GIVEN MATERIAL:
Content starts

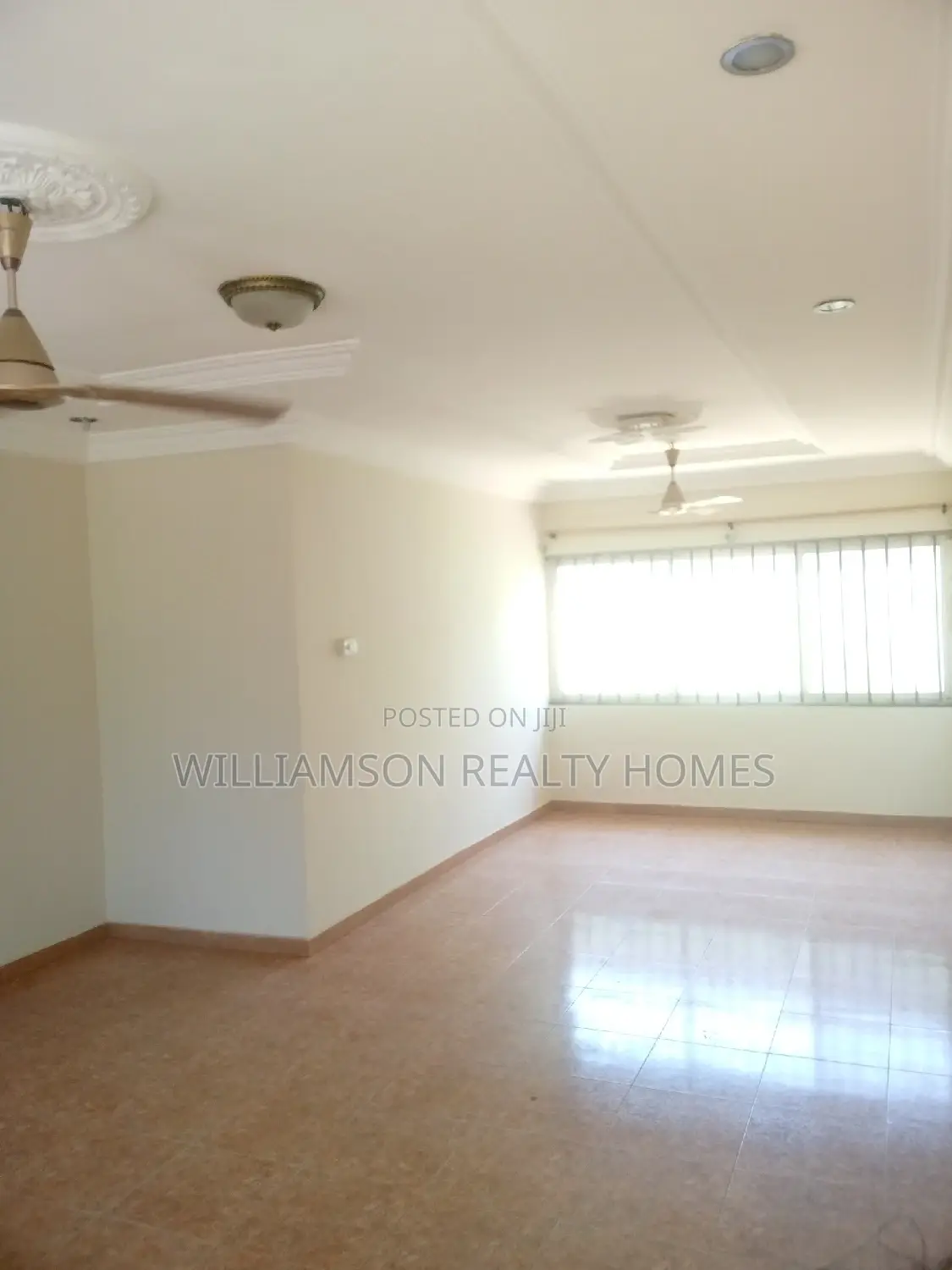 3bdrm House in Community 19 Estate,, Spintex for rent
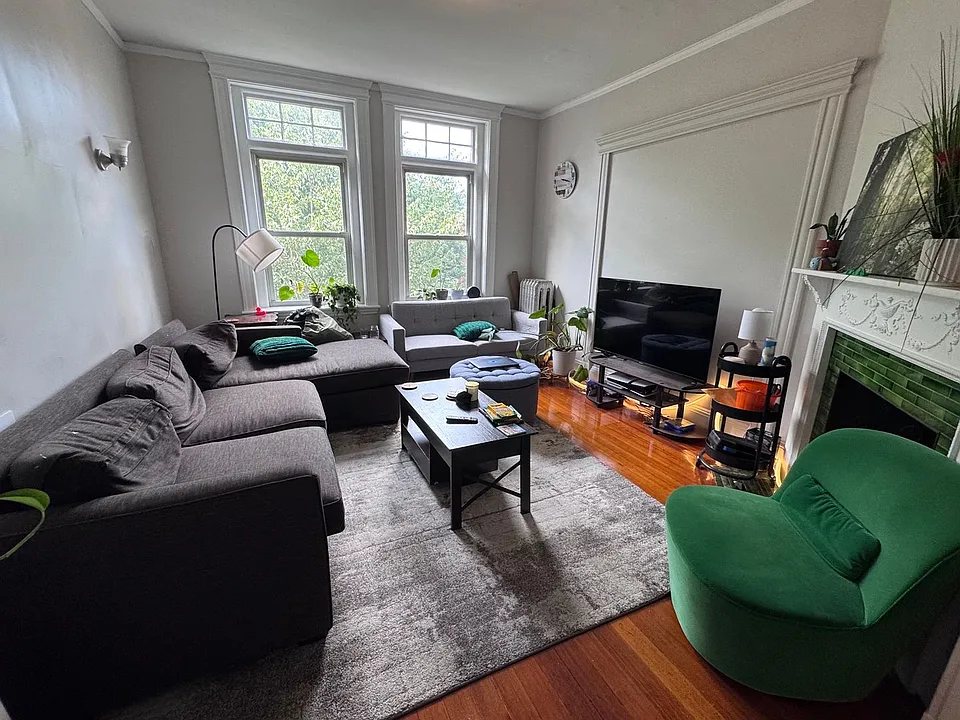 8 Strathmore Rd #3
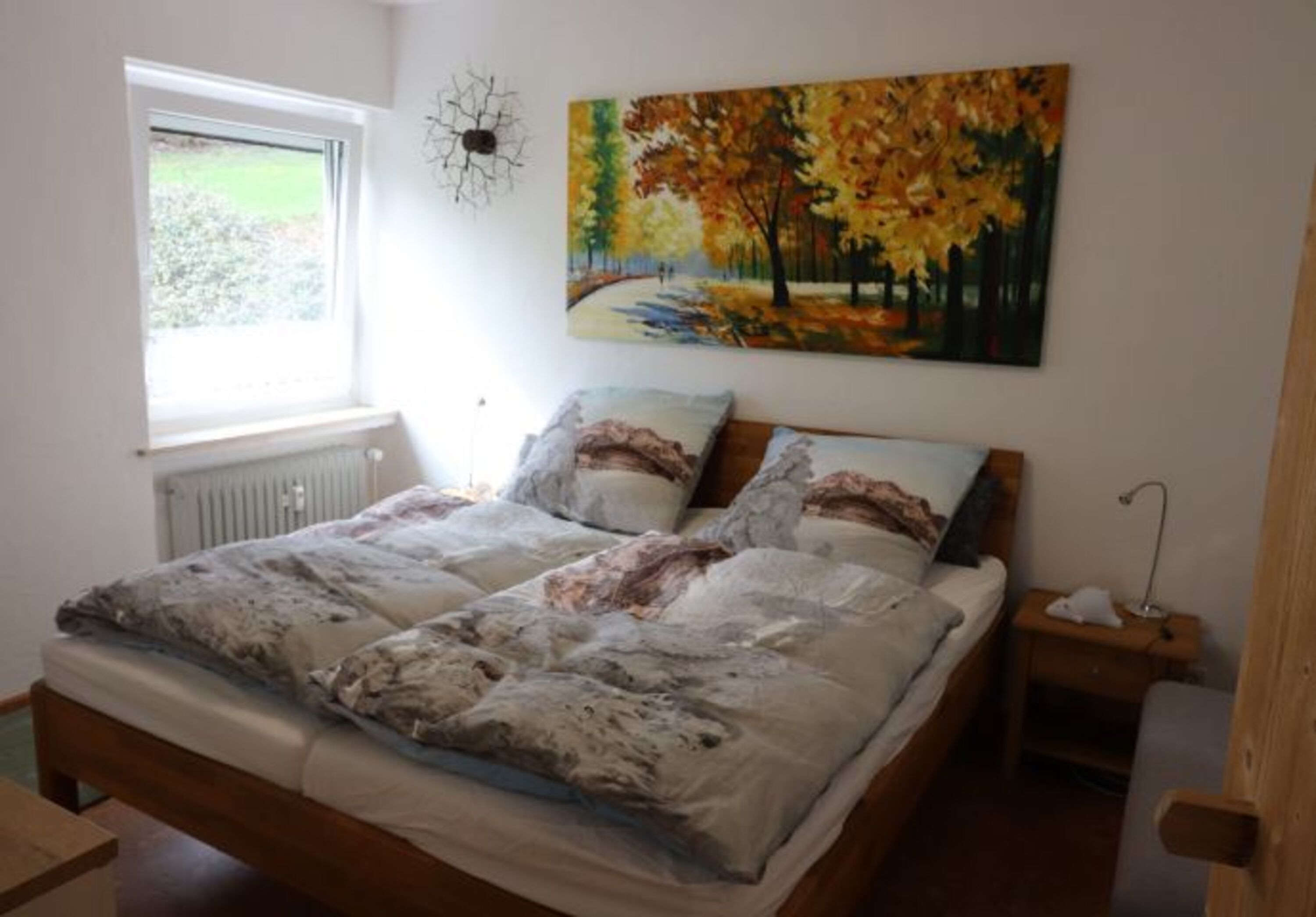 großes hohes Doppelbett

Content ends

TASK TO CARRY OUT:
Return the listing above word for word, with the pictures removed.

SOLUTION TO THIS PROBLEM:
 3bdrm House in Community 19 Estate,, Spintex for rent
 8 Strathmore Rd #3
 großes hohes Doppelbett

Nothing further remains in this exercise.